“The Act of Killing” won a Gotham Award for Best Documentary on Monday night, setting up what might be a run of accolades for this disturbing and impressive nonfiction opus. Or not? I don’t put too much stock in awards. Although it’s nice when you get them, there is way too much back-room manipulation, politics and other outside factors to suggest that an award for the year’s “best” documentary is actually that. In my Docutopia column this week, I examine the context and conditions of award voting and how they don’t reflect the best of anything, but rather, the preference of disparate constituencies.

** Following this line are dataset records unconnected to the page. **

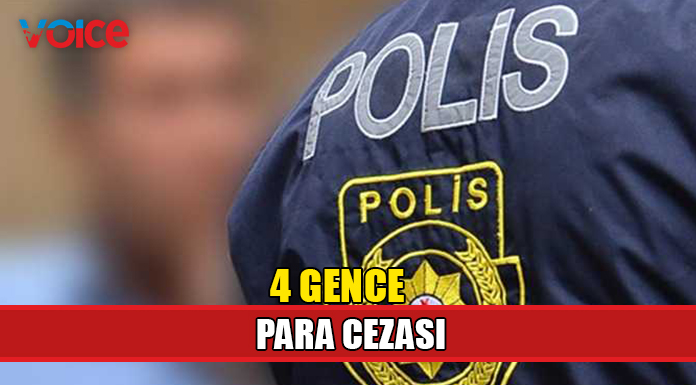 4 kampçı carettaların koruma yuvası üzerinde ateş yaktı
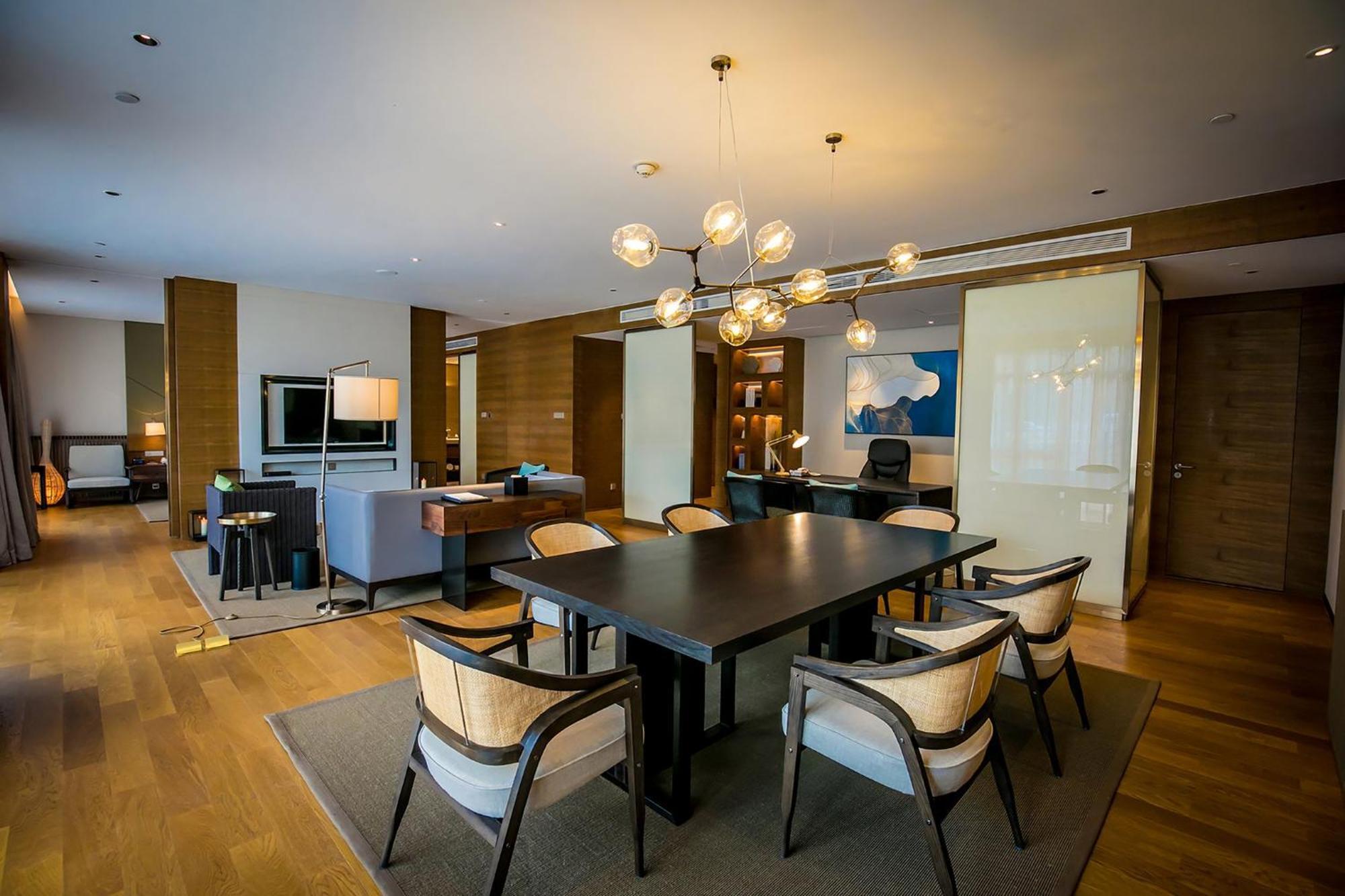 Holiday Inn Resort Zhangjiakou Chongli, An Ihg Hotel Экстерьер фото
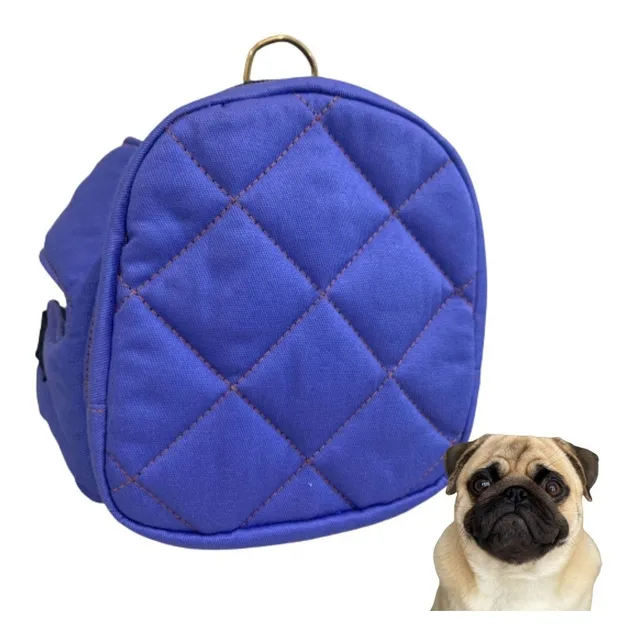 Mochila Pet Cães Gatos Mochilinha Cachorro De Pequeno Porte 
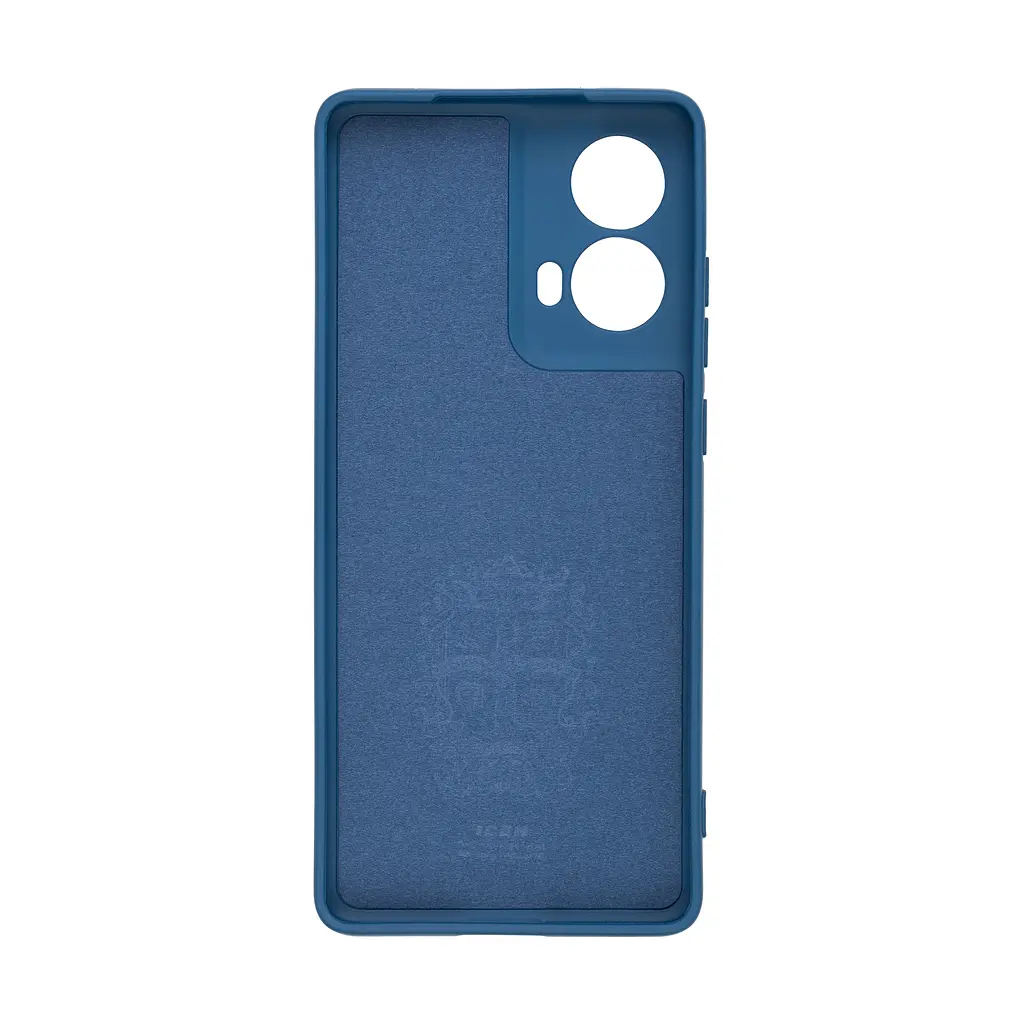 Чехол ArmorStandart ICON для Motorola G85 5G Camera cover Blue (ARM77298) - фото 2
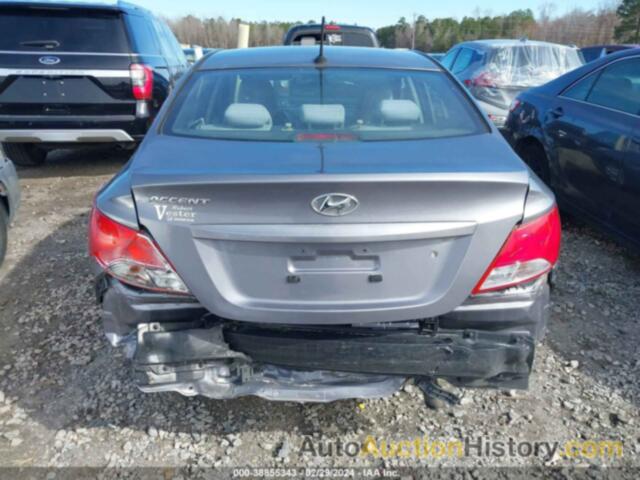 HYUNDAI ACCENT SE, KMHCT4AE2GU103246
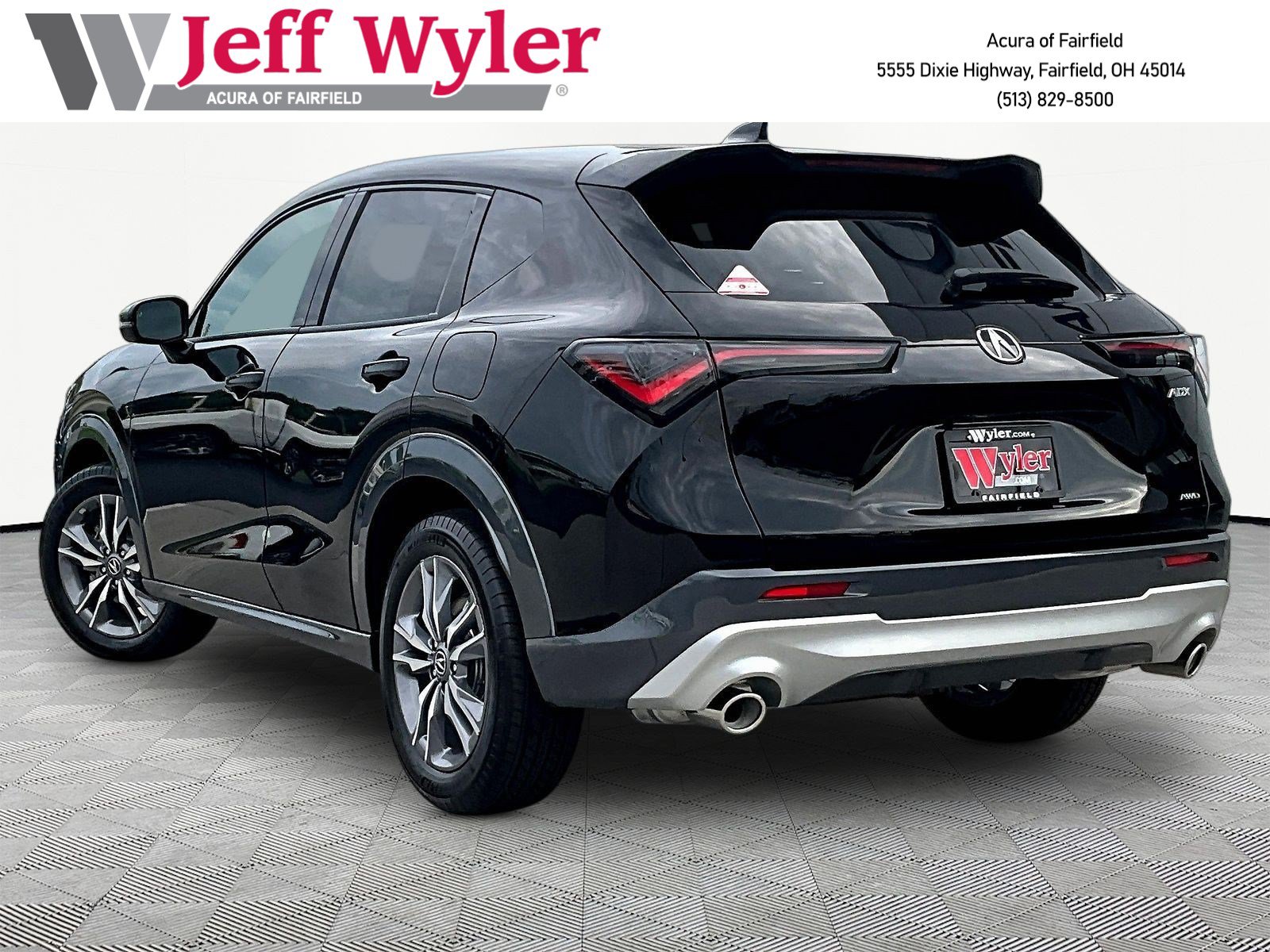 New 2026 Acura ADX AWD image 4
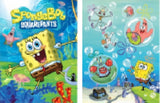 3D Lenticular Poster 12x16 - SpongeBob SquarePants - SpongeBob SquarePants, Patrick Star, Squidward Tentacles, Mr. Krabs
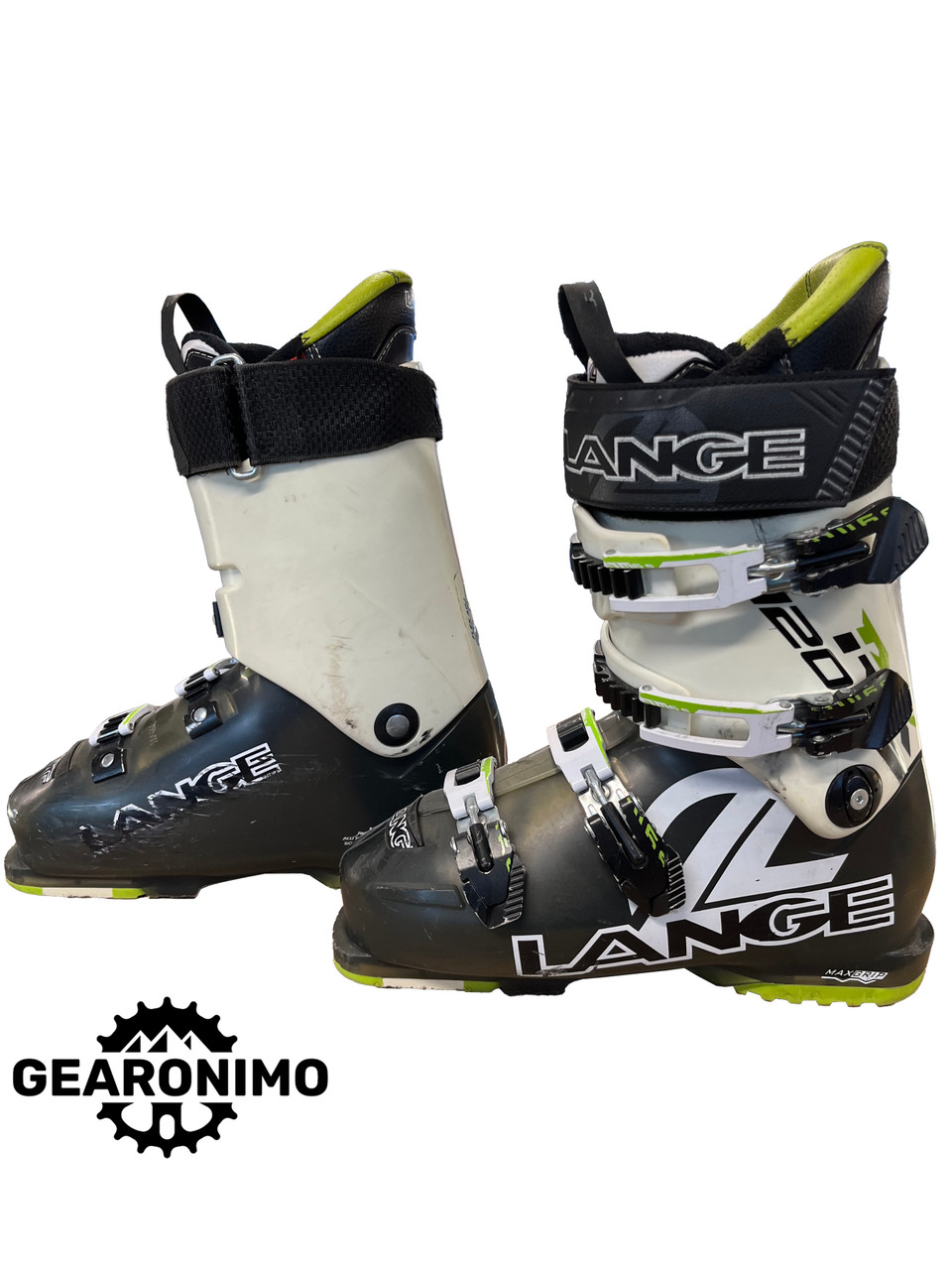 Lange RX 120 Ski Boot (sz 26.5)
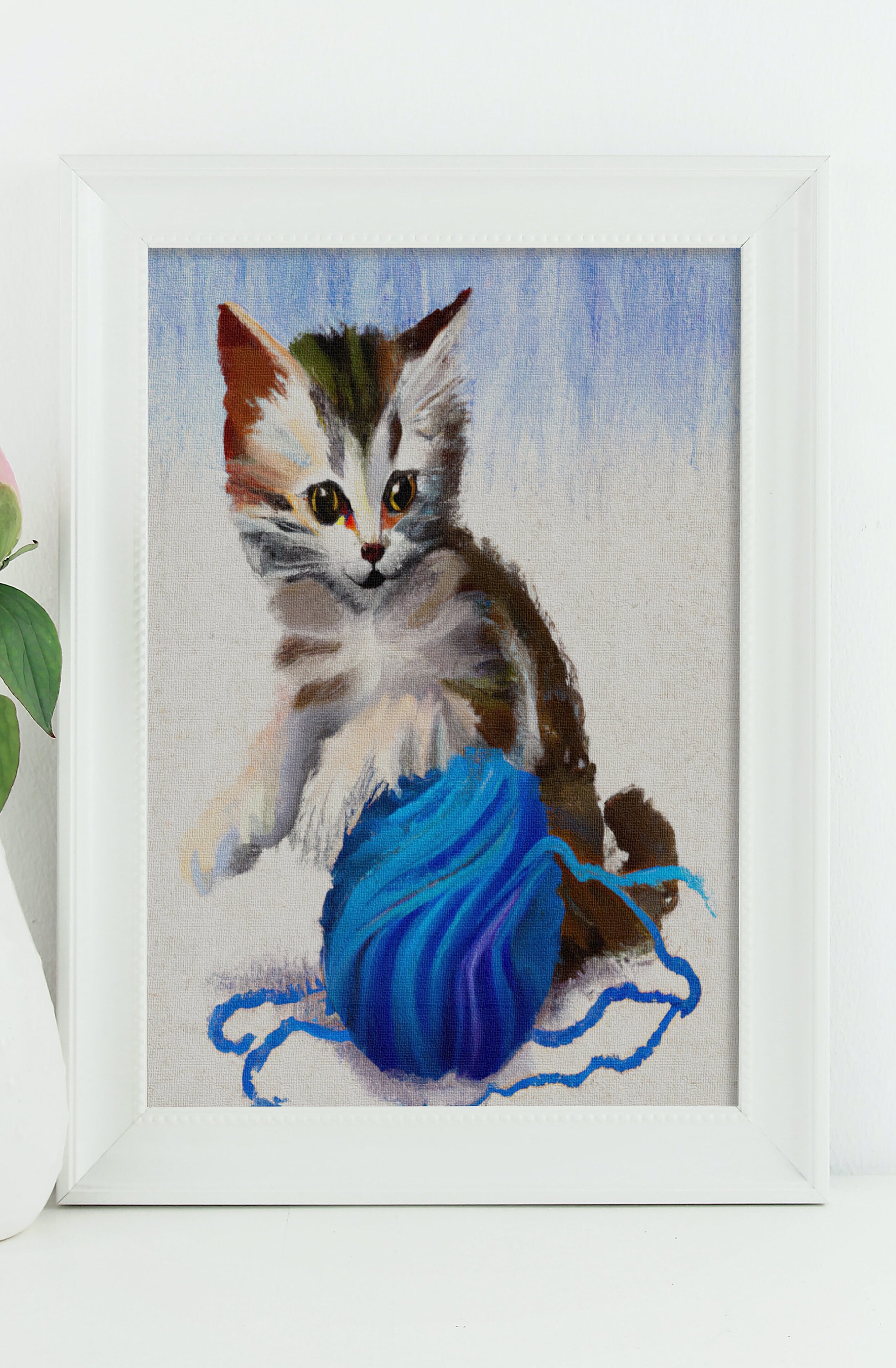 Math Kitten:  Pawsitively Brilliant! - kcuxjd6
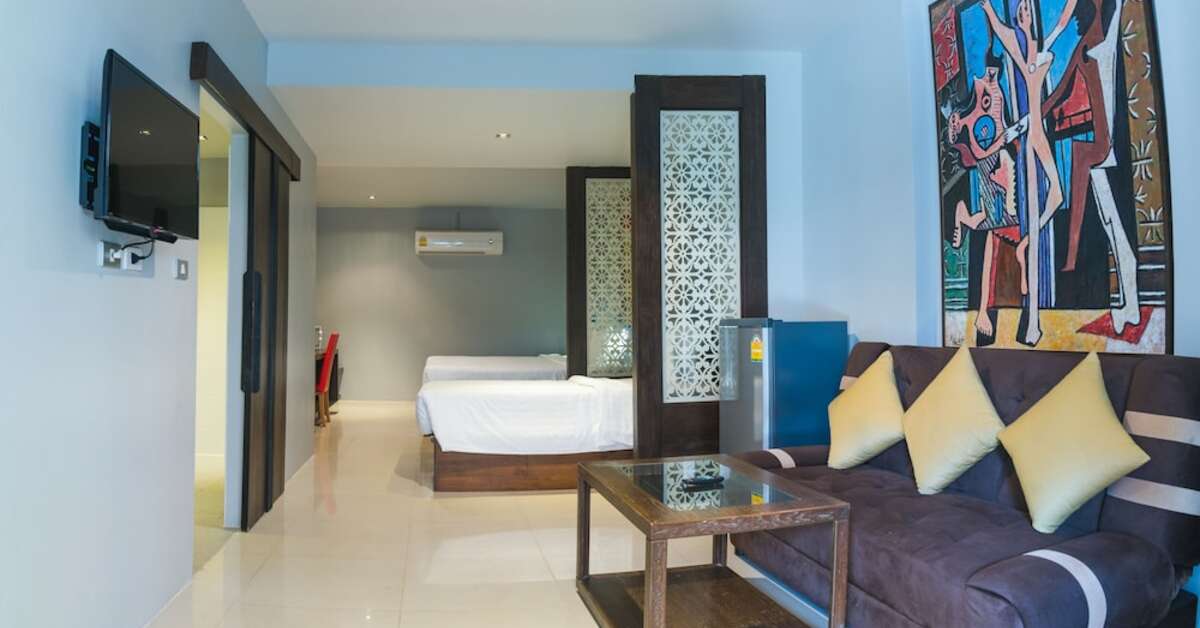 Een foto van Naina Resort & Spa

I also don’t care for the Academy’s new documentary rules. For the first time ever, the winner
of this year’s Best Documentary Oscar will be determined by the entire Academy,
not the arguably more nonfiction-savvy doc branch.
As I wrote, “the rule change reduces the chances for more challenging docs in the Oscar contest. With more voters, this year’s Oscar race will undoubtedly honor consensus over quality. And with more voters who are unfamiliar with the history of and contemporary shifts in documentary filmmaking, safer titles are likely to win out. ‘The Act of Killing’ may have won a Gotham, but two hours of Indonesian death squad reenactments doesn’t have a shot with older Academy voters when compared to this year’s inspirational audience favorite, ’20 Feet from Stardom.’ You read it here first: ’20 Feet’ has already won this year’s Best Documentary Oscar.”